The corresponding diagnosis is characterized as:
\begin{equation}
% a = \mathsf{LLM}\bigl(q_2(v)\bigr) = \mathsf{LLM}\Bigl(q_2\bigl(\mathsf{VLM}(\bx, q_1)\bigr)\Bigr).
a = \mathsf{LLM}\bigl(q_2(v)\bigr) = \underbrace{ \mathsf{LLM}\biggl(\, \underbrace{\mathsf{VLM}(\bx, q_1)}_{\text{Describe}}, q_2\biggr) }_{\text{Diagnose}}
\end{equation}



\subsection{Scaling Test-Time Compute}

General-purpose language models such as \textsc{Llama} or \textsc{DeepSeek} often struggle to provide accurate answers in complex medical tasks, and fine-tuning is prohibitively expensive due to the scarcity of expert-annotated reasoning data \citep{berger2025reasoning, naliyatthaliyazchayil2025evaluating}. To address the issue, we investigate the applicability of the TTS technique---often applied in mathematical reasoning tasks \citep{yao2023tree, snell2024scaling}. In particular, we adopt self-consistency decoding \citep{wang2022self} given the absence of reliable reward models in medicine.

\paragraph{One-Stage TTS.} 
We estimate class probabilities by sampling $N$ independent outputs from a large reasoning model under randomized decoding. Specifically, instead of greedy decoding which deterministically selects the next token with the highest probability, we use temperature sampling with $T=0.7$ \cite{wang2022self}. At each token position, the model's output logits $\mathbf{z} = (z_1, \ldots, z_V)$ are converted to a probability distribution via the softmax: $ p_i = \frac{\exp(z_i / T)}{\sum_{j=1}^{V} \exp(z_j / T)}$ where $V$ is the vocabulary size. The next token is then sampled from this distribution, allowing us to generate $N$ diverse reasoning paths.

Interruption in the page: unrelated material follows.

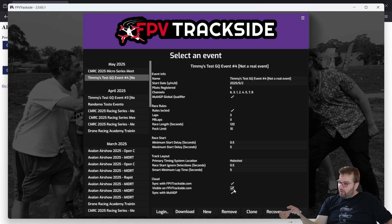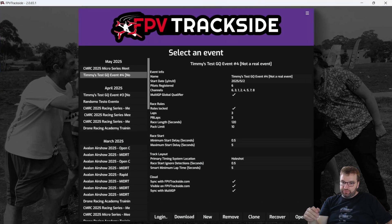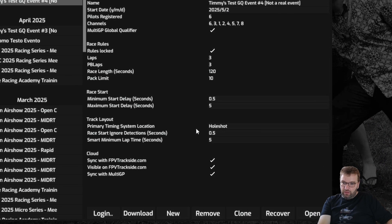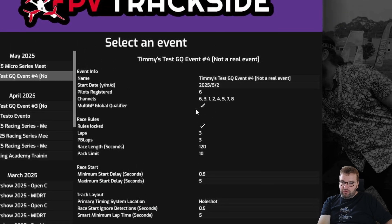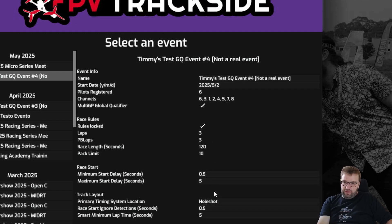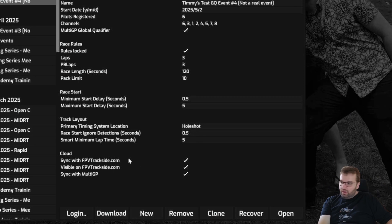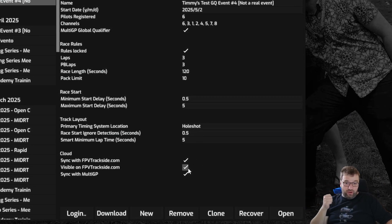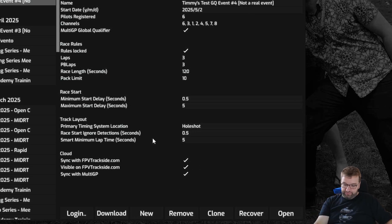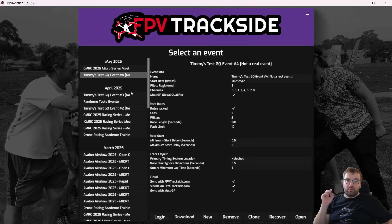The event will be synced with Trackside and visible everywhere. You'll see that the key option here is that it is a Multi-GP qualifier event, and you can't tick or interact with that — the rules are locked, so these settings are fixed. Similarly, you have to sync with FPV Trackside. The event will have to be visible on FPV Trackside for any lap validations that might need to occur, as well as sync with Multi-GP at the end. So with the event synced down, we're ready to jump in and start running our qualifying rounds.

Let the label space be $\mathcal{Y}=\{1,\dots,C\}$. For each draw $i\in\{1,\dots,N\}$, the model produces an answer string $a^{(i)}$, which we map to a class via a parsing function $\phi:\text{text}\!\to\!\mathcal{Y}$ (e.g., extracting “A/B/C/D” or $\{1,\dots,C\}$). Denote the parsed class by $\hat a^{(i)}=\phi\!\bigl(a^{(i)}\bigr)\in\mathcal{Y}$. Formally,

$$
\{a^{(i)}\}_{i=1}^N \;\overset{\text{i.i.d.}}{\sim}\; \mathsf{LRM}(\bx,q), \qquad 
\hat y^{(i)}=\phi\!\bigl(a^{(i)}\bigr). \label{eq:one_stage_inference}
$$

Each $\hat y^{(i)}$ can be viewed as a draw from the LM-induced predictive distribution over classes, $p(y\mid \bx,q)$. We estimate these class probabilities by Monte Carlo:

\begin{equation}
\widehat{p}(y=c \mid \bx,q) \;=\; \frac{1}{N}\sum_{i=1}^{N}\mathbb{I}\!\bigl(\hat y^{(i)}=c\bigr).
\end{equation}

The final prediction is the maximum-probability class under this estimate:

\begin{equation}
\hat y \;=\; \arg\max_{c\in\{1,\dots,C\}} \widehat{p}(y=c\mid \bx,q).
\end{equation}

\paragraph{Two-Stage TTS.}
For two-stage inference in medical image diagnosis, we can apply TTS both in the description stage and in the diagnosis stage. Formally,
\begin{align}
\{v^{(i)}\}_{i=1}^N &\;\overset{\text{i.i.d.}}{\sim}\; \mathsf{VLM}(\bx,q_1) \\
\{a^{(i, j)}\}_{j=1}^M &\;\overset{\text{i.i.d.}}{\sim}\; \mathsf{LRM}(v^{(i)},q_2). \label{eq:two_stage_inference}
\end{align}
where $v^{(i)}$ denotes the $i$-th description sampled from the VLM in the first stage, and $a^{(i,j)}$ is the $j$-th diagnosis from the language model given that description in the second stage.

Empirically, we observe that even under randomized decoding, the diagnosis $a^{(i,j)}$ remains unchanged for a fixed description $v^{(i)}$. This indicates that the predictive uncertainty originates from the reasoning process (description stage) rather than from the decision-making process (diagnosis stage). Consequently, there is no measurable gain from scaling test-time compute in the second stage, and we therefore set $M=1$. The final class probabilities and prediction are then estimated in the same way as in the single-stage case.